TRADE-ANALYSIS : Struggling to negotiate, Trump often claims countries are eager to talk

WASHINGTON - In President Donald Trump's telling, everyone he's negotiating with has something in common: They're all dying to make a deal with him.

Whether it's Iran, China, Japan, Russia or the Taliban - Trump claims there's a mad rush by foreign friends and foes alike to sit at the table with him and negotiate under his terms. He has repeated the same boastful talking point even as he's struggled to finalize major deals.

"Let me tell you, the China trade deal is dependent on one thing, do I want to make it?," Trump said Tuesday during a summit of the North Atlantic Treaty Organization alliance in London. The Chinese, he added, "want to make a deal now."

Minutes later, Trump said that Saudi Arabia was "very happy" to agree to pay the United States for military protection and that Russia "very badly" wanted to strike an arms control agreement. 

"Russia wants to make a deal as recently as like two weeks ago," he said. 

But as Trump campaigns for his reelection, he has abandoned more deals than he has struck, and his boasts about eager negotiating partners could face scrutiny from voters who expected more results from the self-described master dealmaker, said Barbara Perry, a presidential historian at the University of Virginia's Miller Center of Public Affairs

"Three years into his term, are there going to be people who say 'He promised me X, and I didn't get it, and now I'm not voting him'?" she said. "It's certainly a high-wire act."

In some cases, other countries have flatly contradicted Trump or expressed surprise about his assertions, indicating that some of his claims of favorable negotiating conditions are more wishful thinking than reality. 

During a Thanksgiving Day visit to troops in Afghanistan, Trump said that the Taliban "wants to make a deal" and that "tremendous progress" had been made. 

"They didn't want to do a cease-fire, but now they do want to do a cease-fire," Trump said of the militants.

But the next day, neither the Taliban nor the government of Afghan President Ashraf Ghani indicated that a cease-fire was even under discussion.

More than 100 times over the past two years, Trump has claimed that China was anxious to end the trade war by capitulating to his demands. In one case this summer, he claimed that he had received high-level phone calls from Chinese officials pining for a deal - something that China immediately denied. 

"China is dying to make a deal with me," Trump told reporters on July 30.

Months earlier, China was also desperate to strike a deal - at least in Trump's telling. 

"China wants to make a deal very badly," Trump said on Nov. 20, 2018. "They might not say that to you, but they want to make it very badly."

But Trump has not secured such a deal, and the trade war has only escalated with both sides imposing tariffs on imported goods. Trump has repeatedly hailed some intermediate steps, including Chinese pledges to purchase American agriculture, while the broader negotiations have failed to sustain momentum.

On Tuesday, Trump indicated the long-awaited deal with China may not happen for another year, but said he's fine with that despite his boasts about Beijing's desperation to get a deal done.

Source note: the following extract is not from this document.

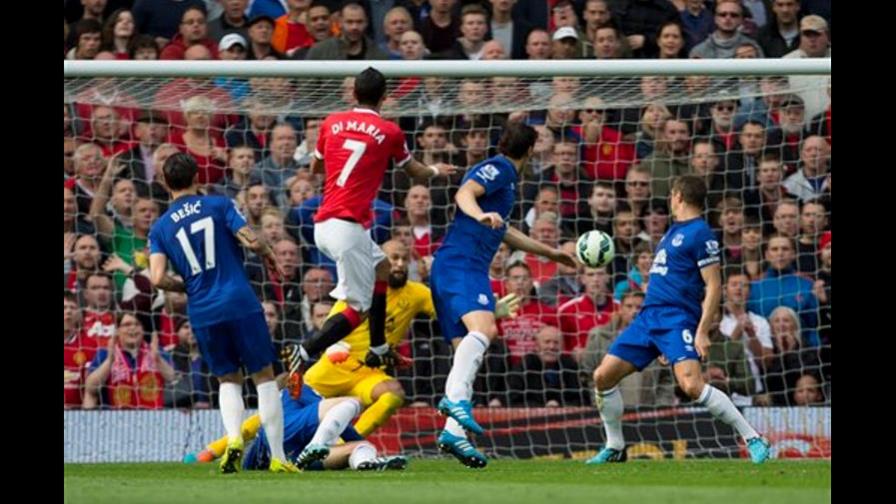 Manchester United gana con goles de Falcao y Di María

"I have no deadline," he told reporters. "In some ways, I think it's better to wait until after the election, if you want to know the truth."

While Trump previously has pointed to his "great friendship" with Chinese President Xi Jinping as a reason for optimism about a trade agreement, on Tuesday he said the relationship has soured.

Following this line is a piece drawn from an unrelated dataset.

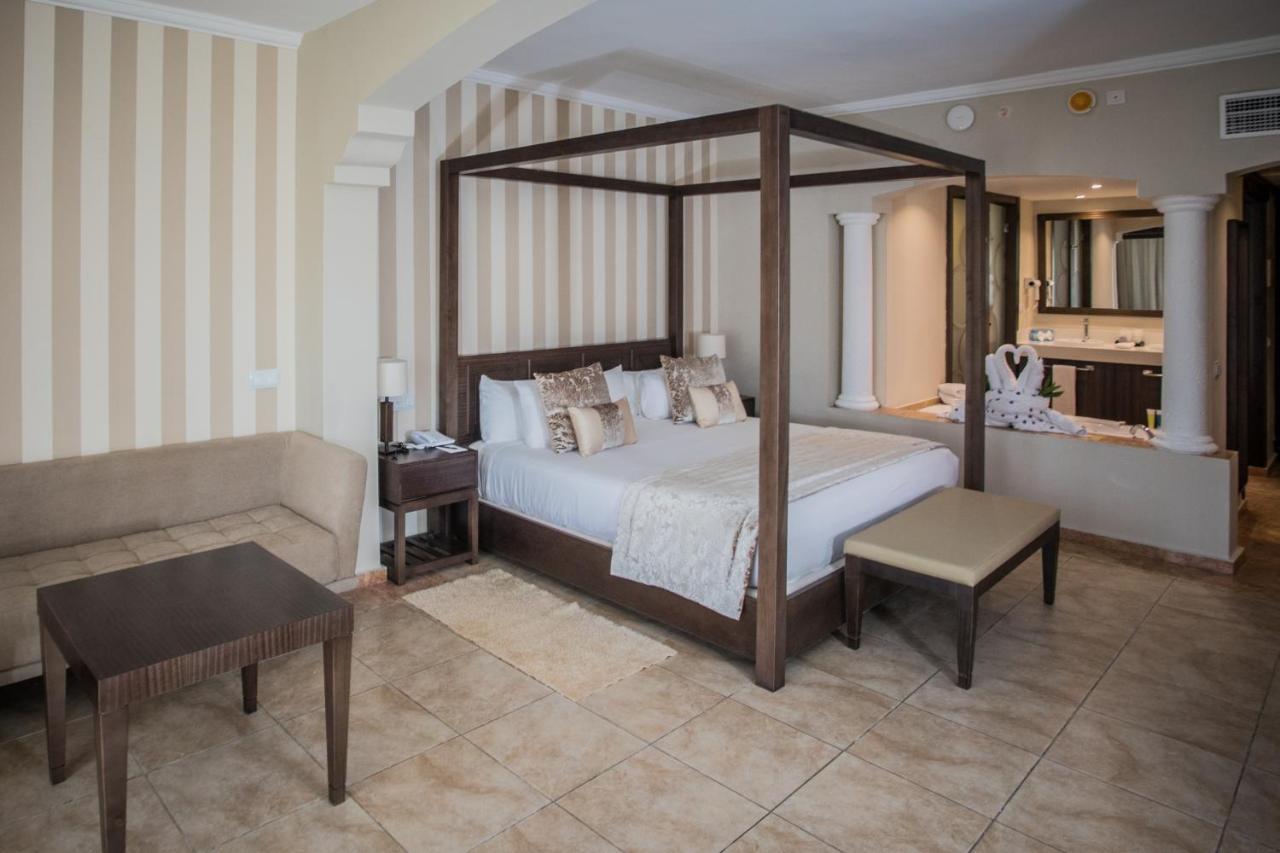 Junior Suite Colonial Club con Vasca Idromassaggio e WiFi Gratis (Solo Adulti Maggiorenni)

"I don't think he likes me so much anymore," Trump told reporters.

The shift from ambitious claims about soon-to-be-announced deals to more realistic assessments about their slim prospects has become a familiar one in the Trump administration. 

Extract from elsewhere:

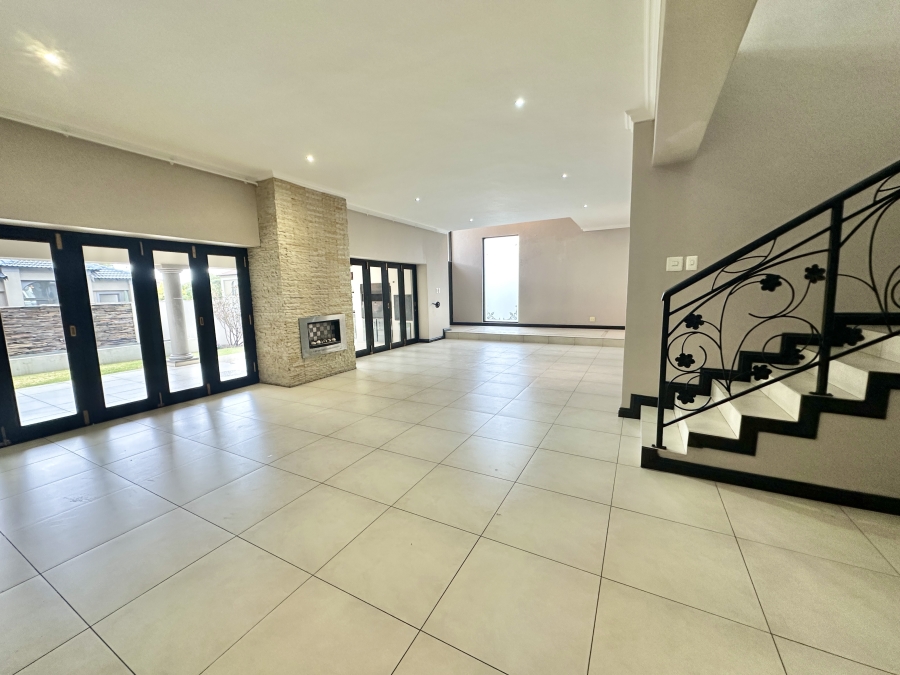 To Let 5 Bedroom Property for Rent in Blue Valley Golf Estate Gauteng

The president has claimed that the Palestinians want to make a deal with Israel; that Iran was eager to meet with him to renegotiate the nuclear agreement he abandoned; that North Korea's Kim Jong Un wanted to abandon his nuclear program; and that Japan was ready to capitulate to his demands to avoid car tariffs. 

But deals with all of those actors have been elusive and in some cases, Trump has lost ground after touting progress. 

"We're getting close. And they want to make a deal," Trump said in August when asked about France's digital services tax. "And we'll see if we can make a deal. We're getting close."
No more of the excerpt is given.